Crawled caption data:
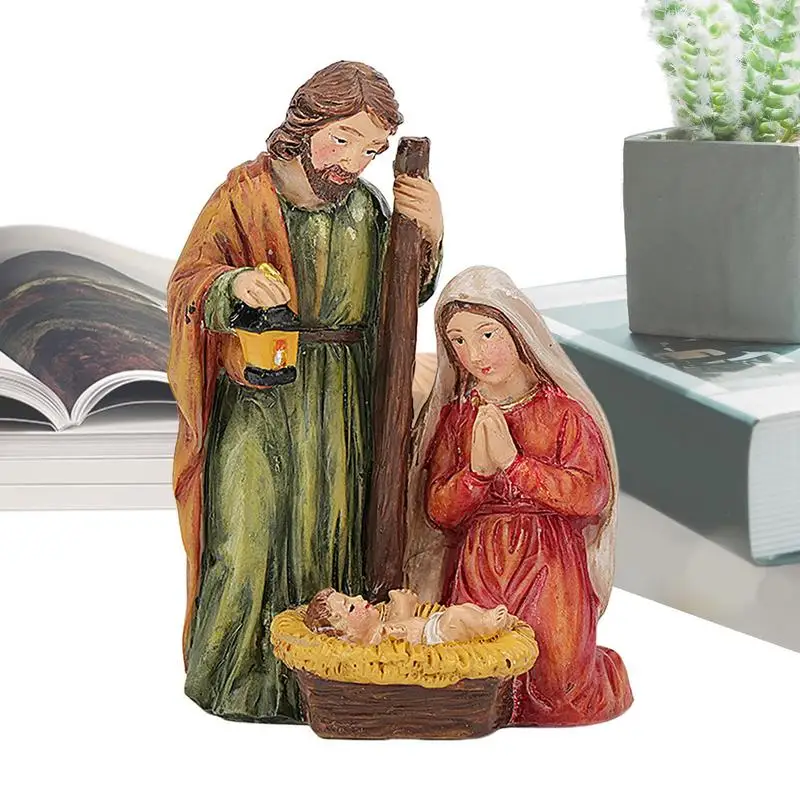 

Jesus Nativity Scene Resin Craft Sculpture Holy Family Figurine Christmas Gift for Table Home Living Room Indoor Ornament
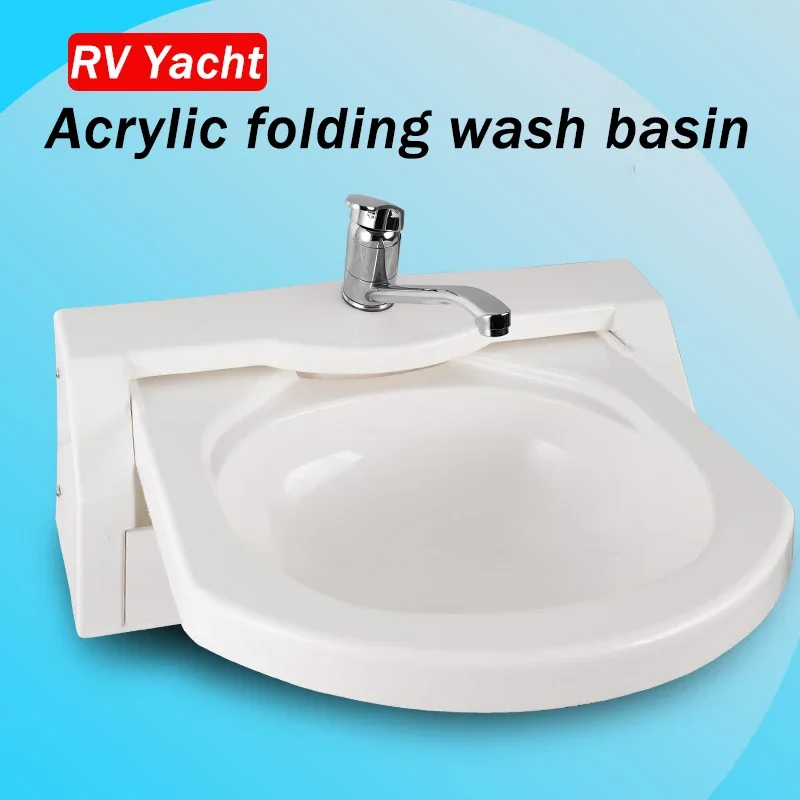 RV Acrylic Folding Sink with Faucet Wash Basin Durable Bathroom For Boat Caravan RV Camper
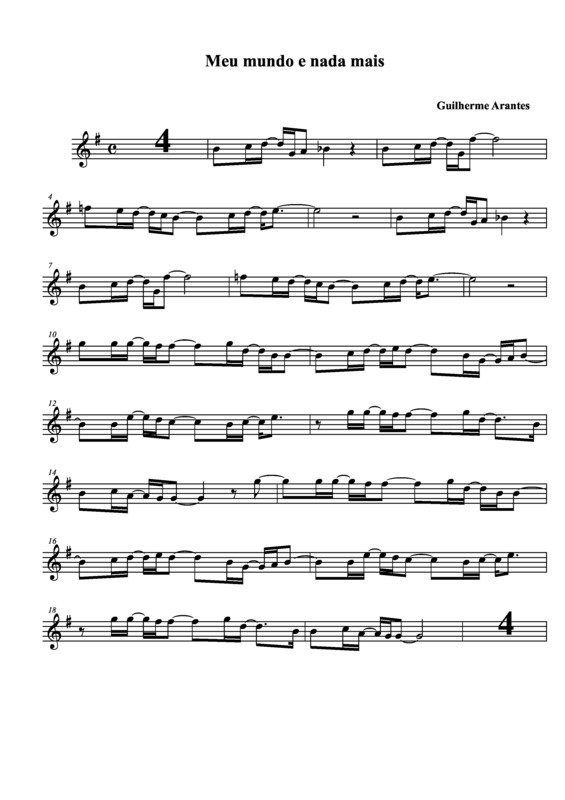 Partitura da música Meu Mundo e Nada Mais v.4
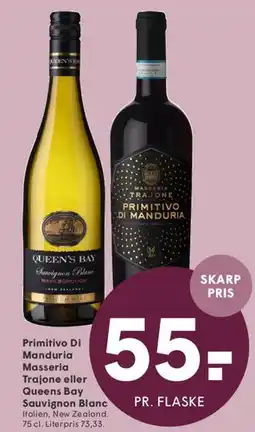 SPAR Primitivo di Manduria (Masseria Trajone) / Queens Bay Sauvignon Blanc tilbud
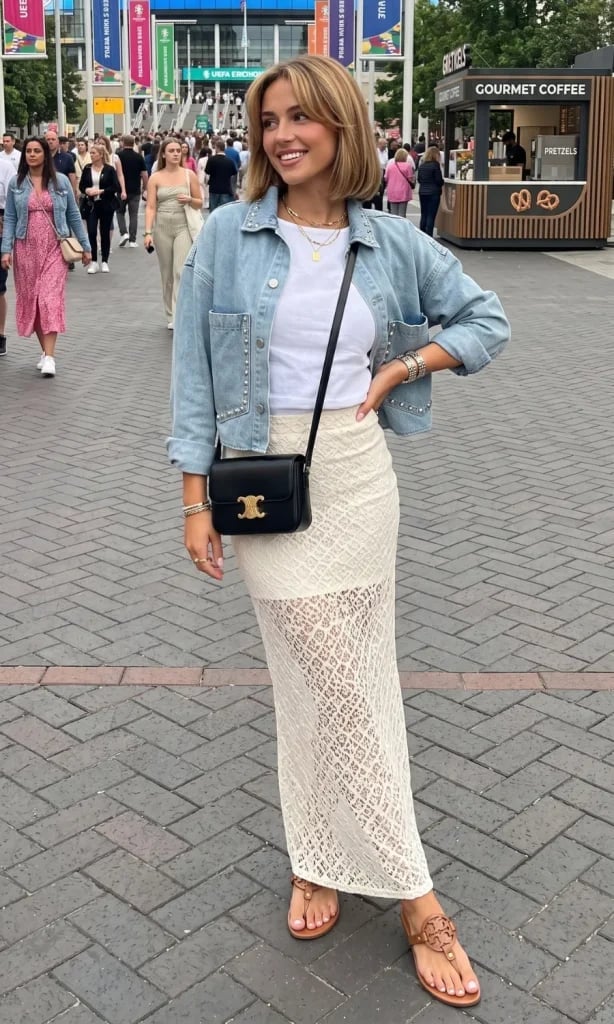 Studded Denim Jacket Over Lace Maxi Skirt and Sandals — Cute Concert Outfit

* **Task goal**:
Copy every entry exactly, leaving out the pictures.

* **Answer space**:
Jesus Nativity Scene Resin Craft Sculpture Holy Family Figurine Christmas Gift for Table Home Living Room Indoor Ornament
 RV Acrylic Folding Sink with Faucet Wash Basin Durable Bathroom For Boat Caravan RV Camper
 Partitura da música Meu Mundo e Nada Mais v.4
 SPAR Primitivo di Manduria (Masseria Trajone) / Queens Bay Sauvignon Blanc tilbud
 Studded Denim Jacket Over Lace Maxi Skirt and Sandals — Cute Concert Outfit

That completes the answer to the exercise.